Content starts

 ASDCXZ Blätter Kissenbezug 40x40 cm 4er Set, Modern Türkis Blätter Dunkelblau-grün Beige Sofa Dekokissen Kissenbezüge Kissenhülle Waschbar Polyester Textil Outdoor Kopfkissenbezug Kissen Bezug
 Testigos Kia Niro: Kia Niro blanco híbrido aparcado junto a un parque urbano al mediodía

Content ends
Content starts

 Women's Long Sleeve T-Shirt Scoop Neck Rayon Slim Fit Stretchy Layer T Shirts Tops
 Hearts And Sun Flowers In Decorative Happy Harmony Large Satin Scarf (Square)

Content ends

* _Assigned task_
Write out only the lines that run from the line containing "ASDCXZ Blätter Kissenbezug" through the line containing "Testigos Kia Niro: Kia", both included, exactly as they appear above.

* _Answer area_
 ASDCXZ Blätter Kissenbezug 40x40 cm 4er Set, Modern Türkis Blätter Dunkelblau-grün Beige Sofa Dekokissen Kissenbezüge Kissenhülle Waschbar Polyester Textil Outdoor Kopfkissenbezug Kissen Bezug
 Testigos Kia Niro: Kia Niro blanco híbrido aparcado junto a un parque urbano al mediodía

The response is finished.